-- What you are asked to do --
The records below hold pictures; please leave those out and retype the rest exactly.

-- Data for the task --
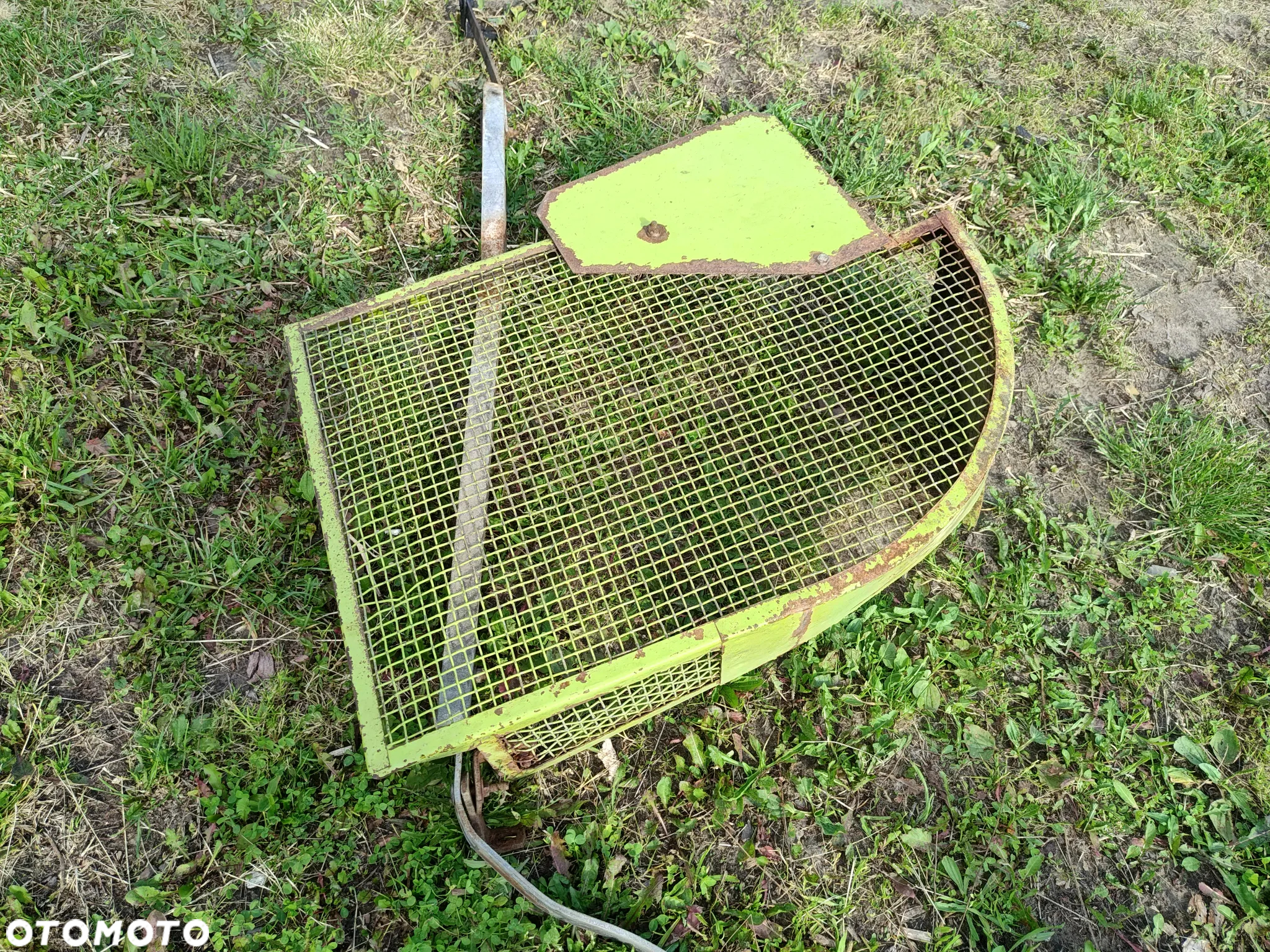 Claas mercator 75 osłona kratka - 2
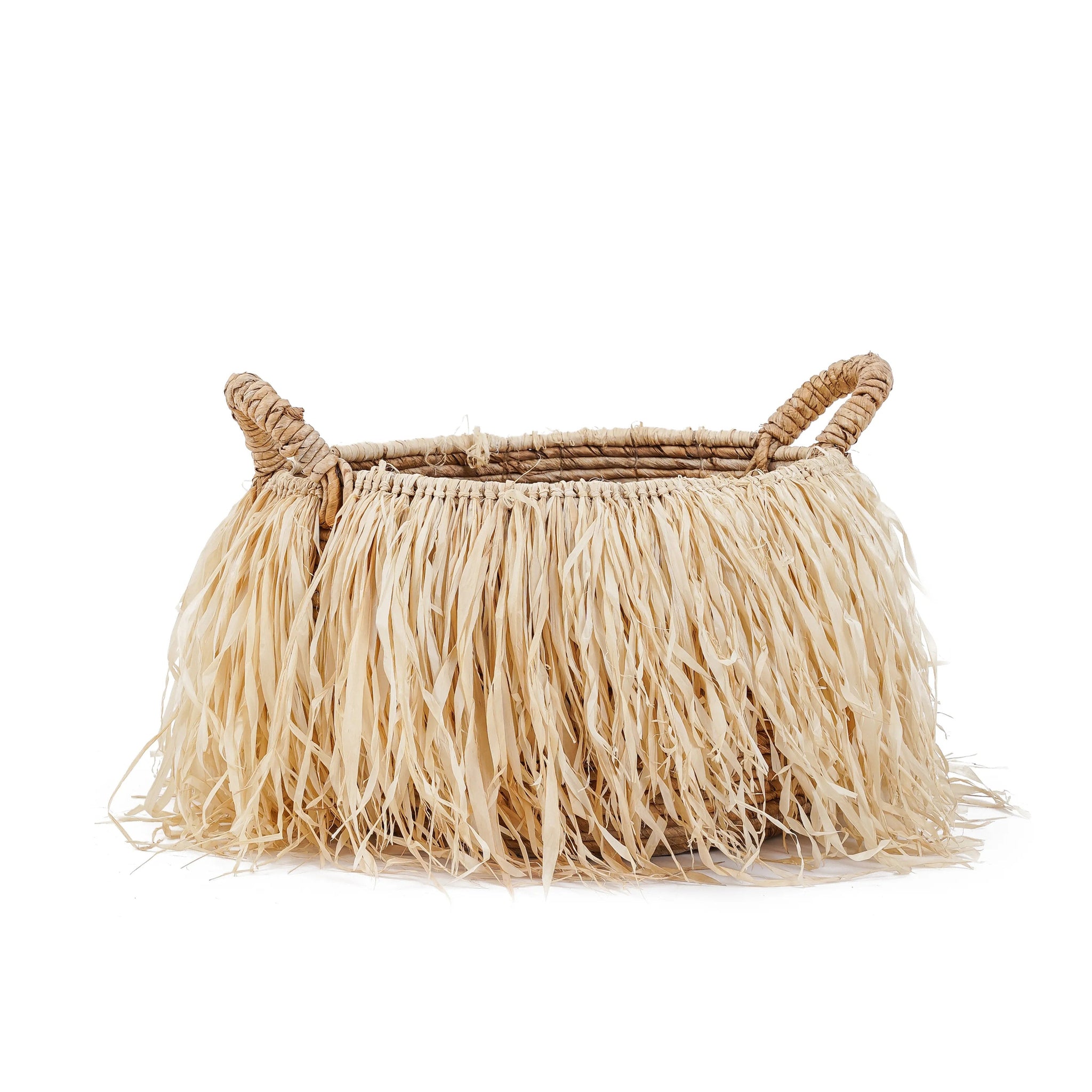 The Raffia Basket - H 30 CM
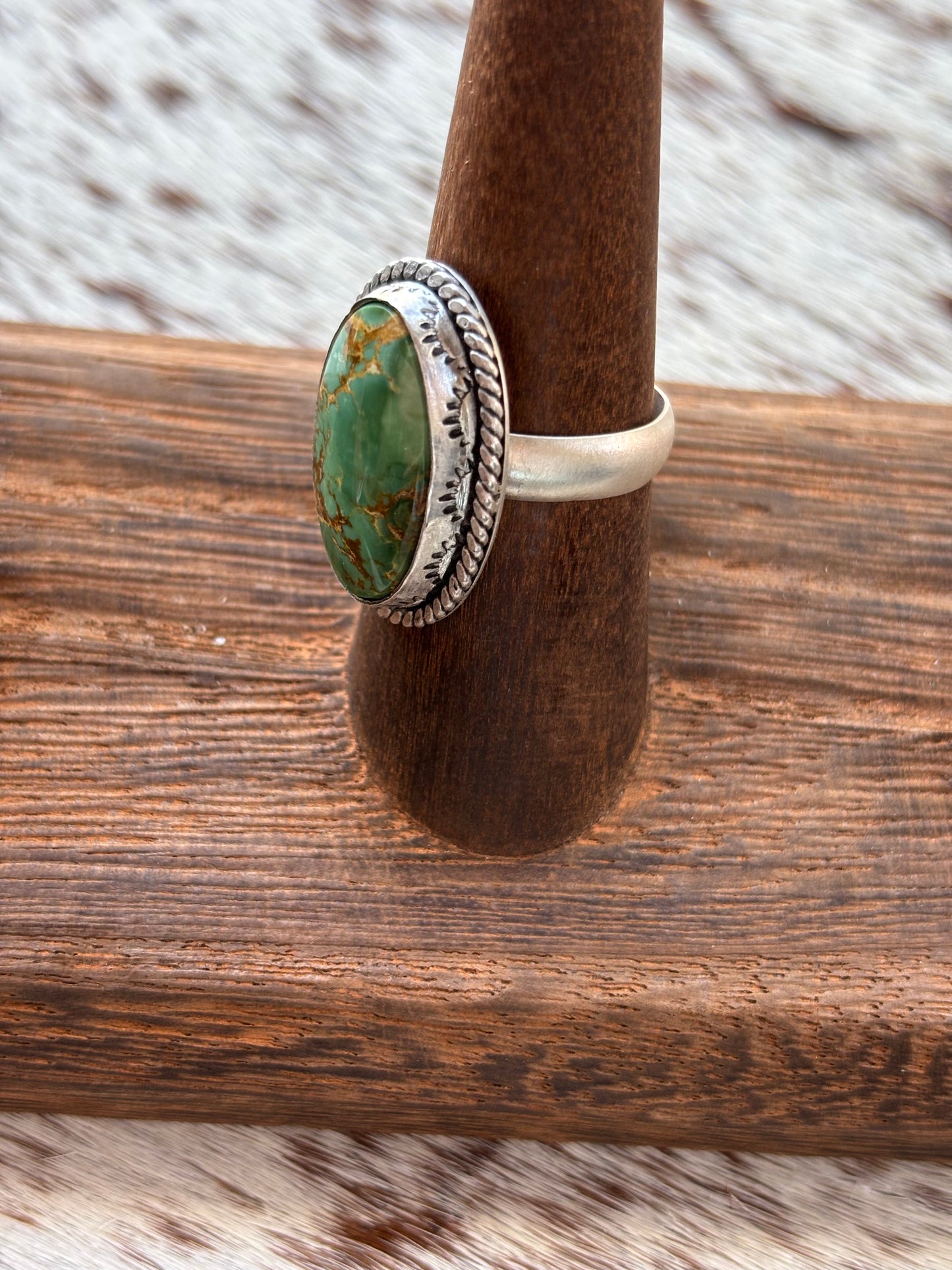Turquoise Ring Royston Size 7.25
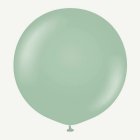 Premium Gigantiska Latexballonger Winter Green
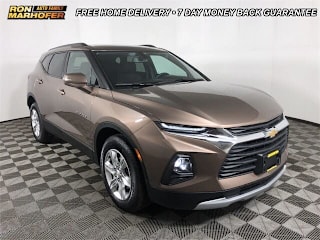 2019 Chevrolet Blazer LT 3GNKBGRS1KS691722 2019 Chevrolet Blazer LT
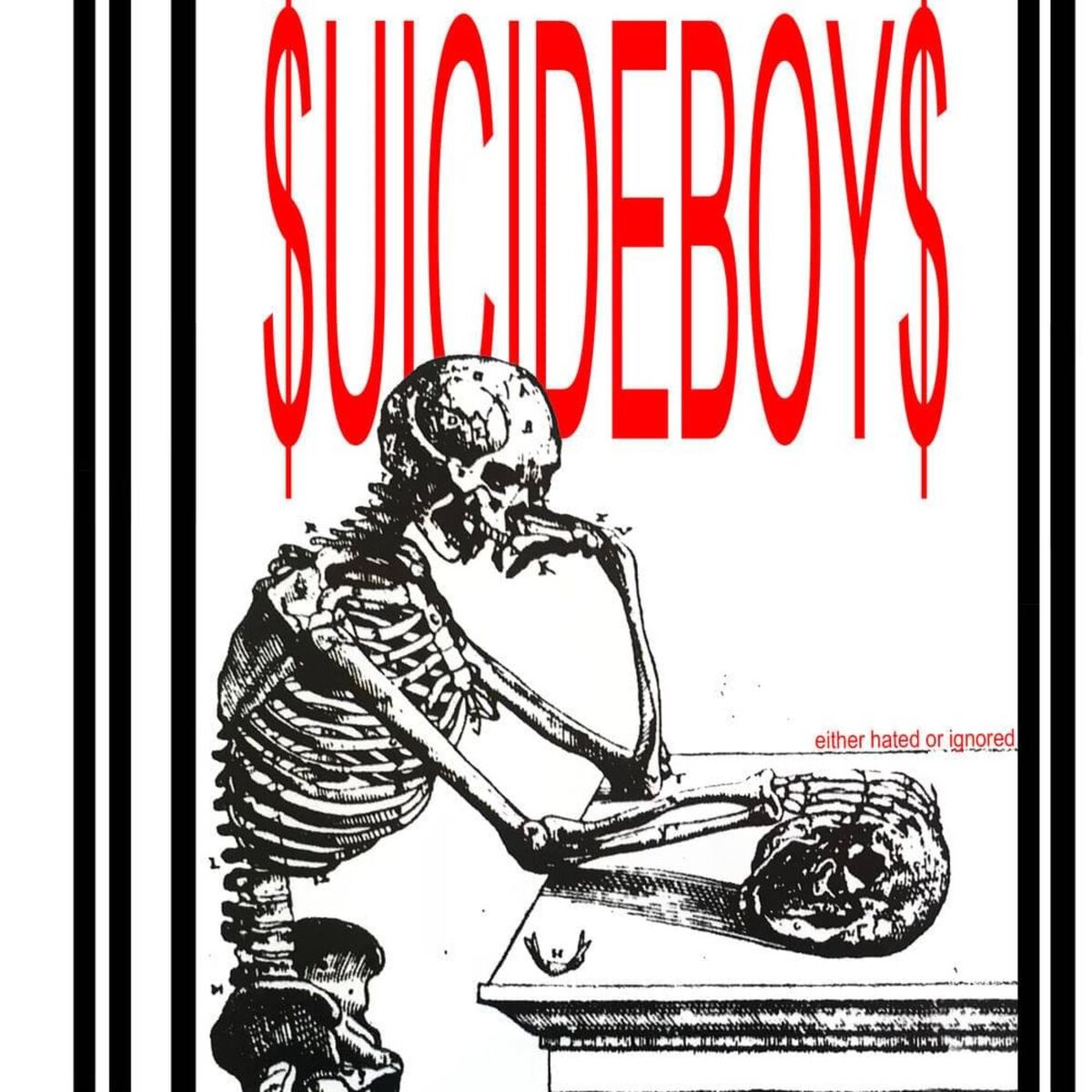 Album cover of Either Hated or Ignored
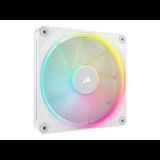 Corsair iCUE LINK LX140 RGB 140mm PWM Rendszerhűtő ventilátor - Fehér (CO-9051031-WW)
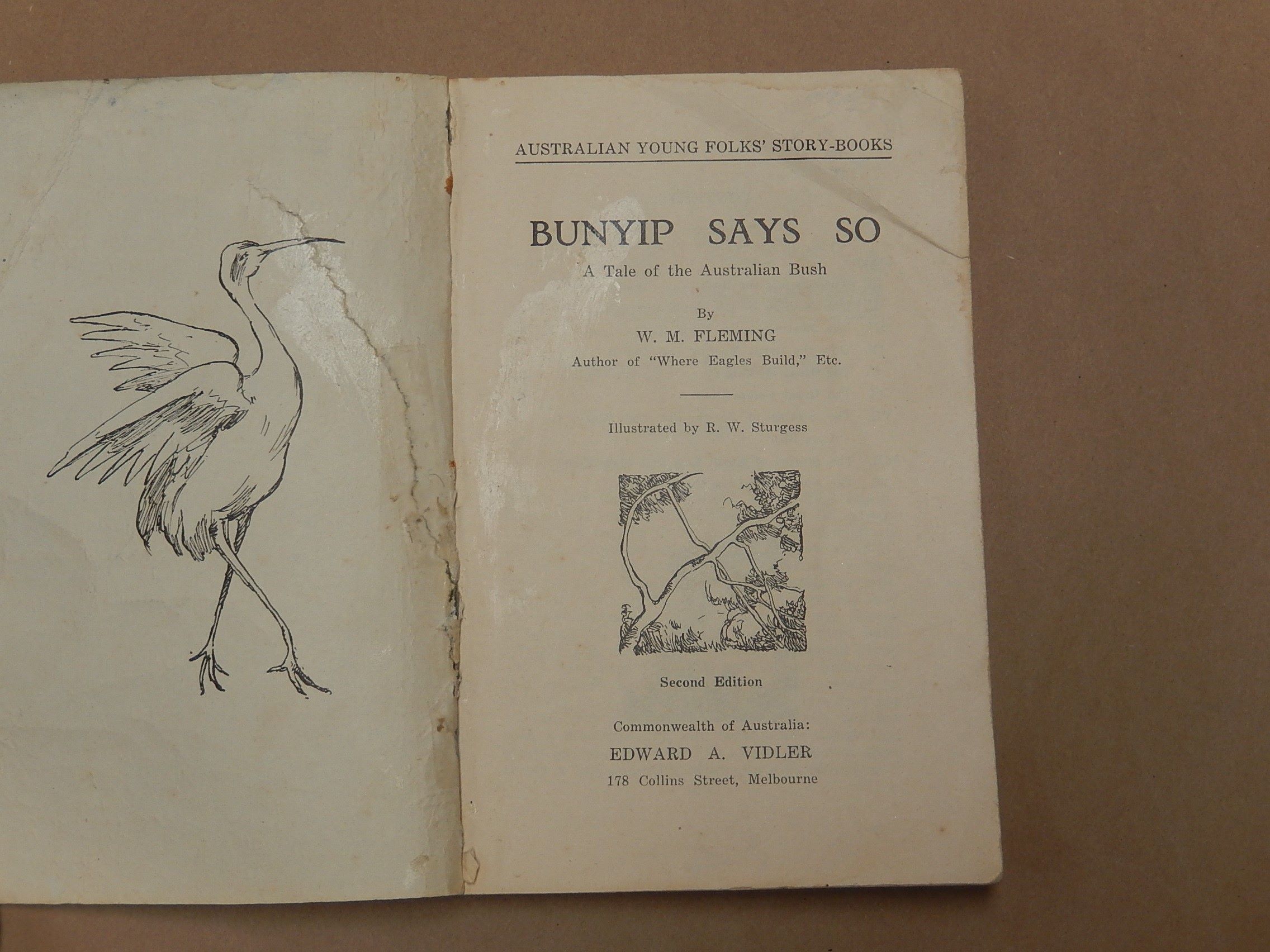 Bunyip Says So by WM Fleming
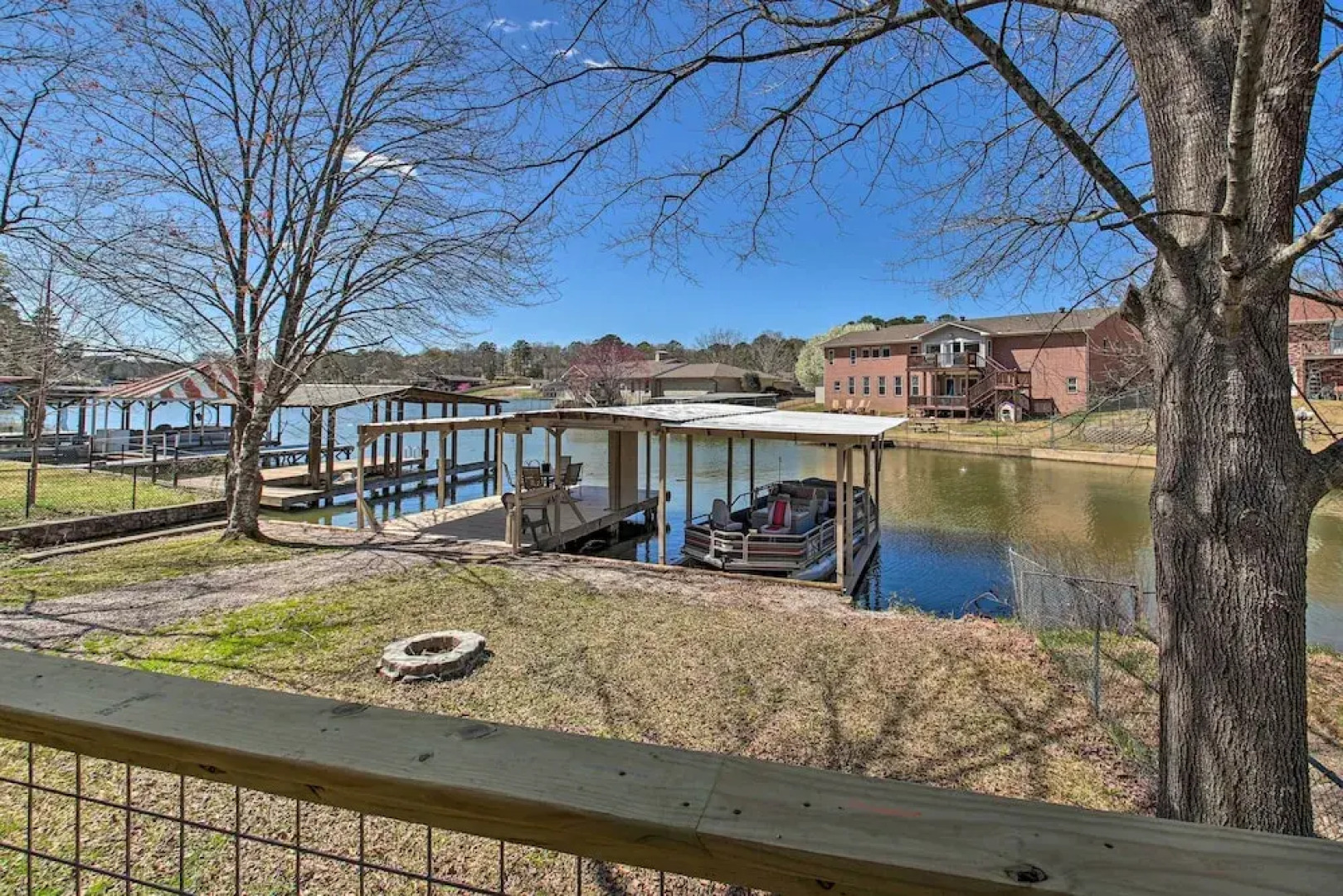 Kayaks & Boat Slip: Waterfront Hot Springs Home!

-- Task solution --
 Claas mercator 75 osłona kratka - 2
 The Raffia Basket - H 30 CM
Turquoise Ring Royston Size 7.25
 Premium Gigantiska Latexballonger Winter Green
 2019 Chevrolet Blazer LT 3GNKBGRS1KS691722 2019 Chevrolet Blazer LT
 Album cover of Either Hated or Ignored
 Corsair iCUE LINK LX140 RGB 140mm PWM Rendszerhűtő ventilátor - Fehér (CO-9051031-WW)
 Bunyip Says So by WM Fleming
 Kayaks & Boat Slip: Waterfront Hot Springs Home!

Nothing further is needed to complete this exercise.